*** Opening of Provided data ***

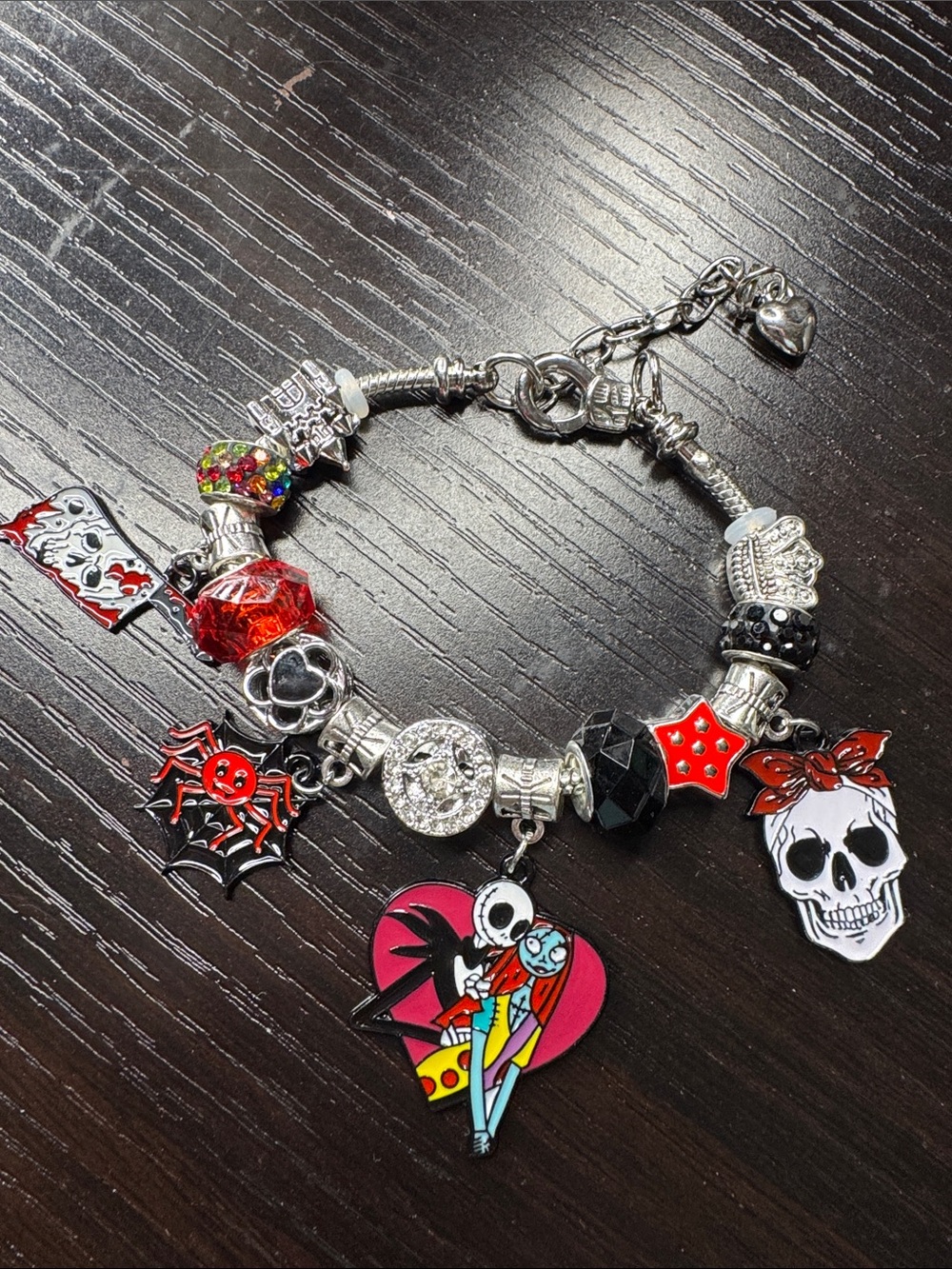 Themed Red & Black Charm Bracelet - Women Jewelry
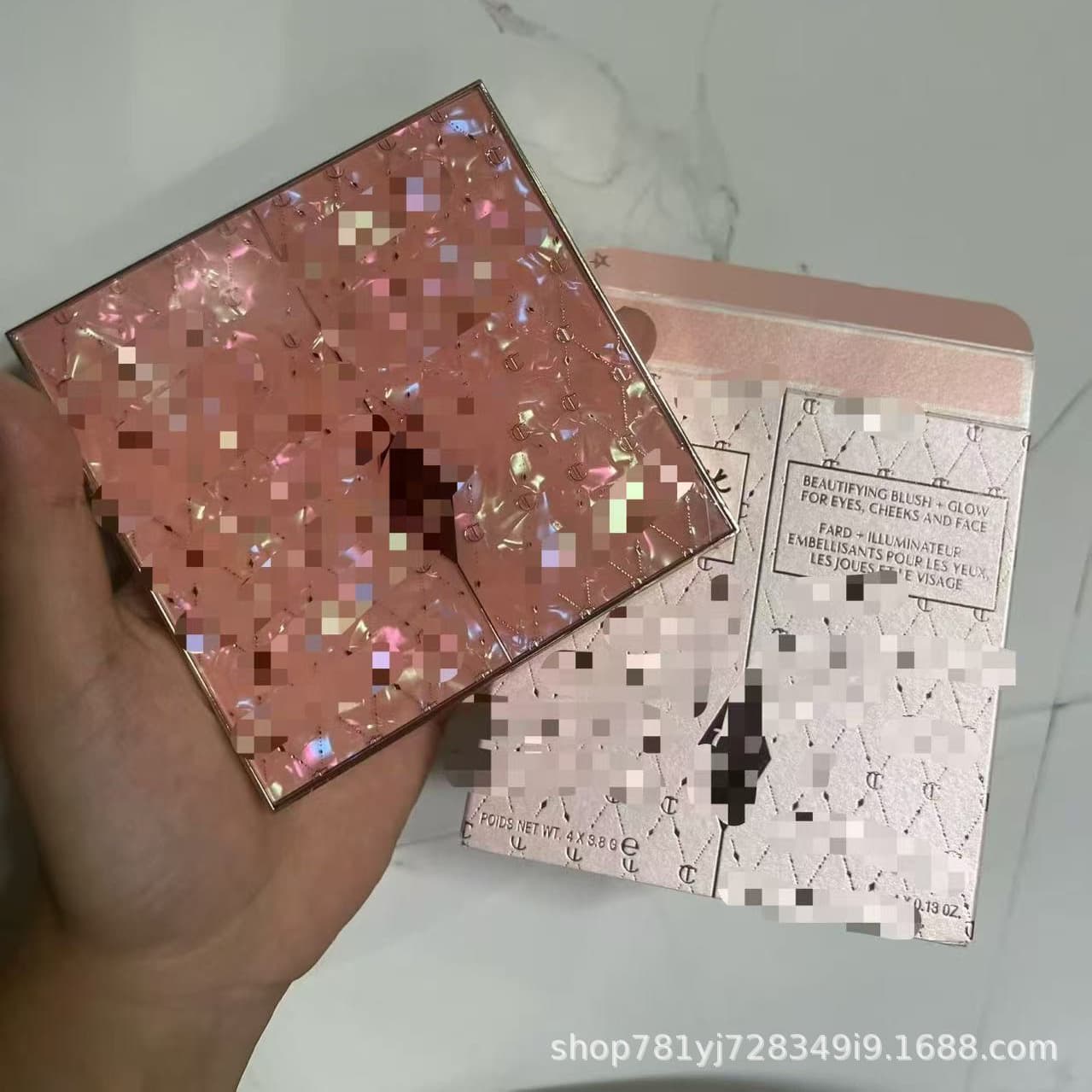 Four-color high-gloss blush facial comprehensive palette shell eye shadow palette powder cross-border four-color high-gloss blush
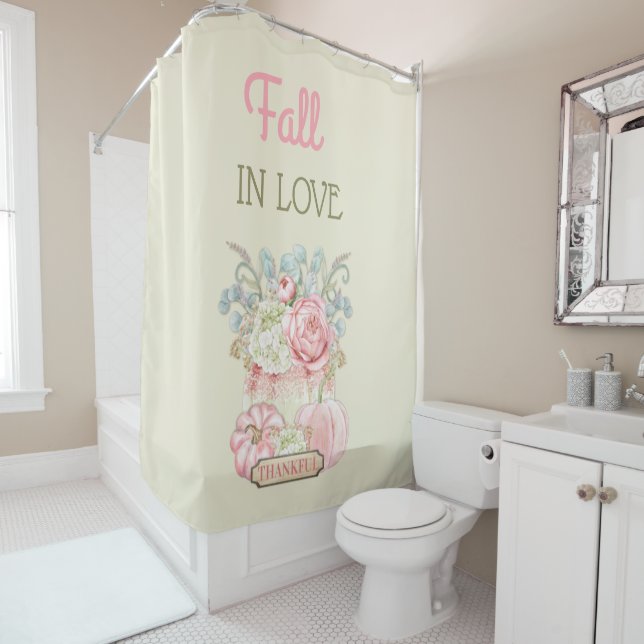 Thanksgiving Shabby Pumpkins Pink Ivory Sage   Shower Curtain (In Situ)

*** Close of Provided data ***

● Exercise prompt
Every line above should be copied exactly; do not carry over the pictures.

● Answer to the problem
 Themed Red & Black Charm Bracelet - Women Jewelry
 Four-color high-gloss blush facial comprehensive palette shell eye shadow palette powder cross-border four-color high-gloss blush
 Thanksgiving Shabby Pumpkins Pink Ivory Sage   Shower Curtain (In Situ)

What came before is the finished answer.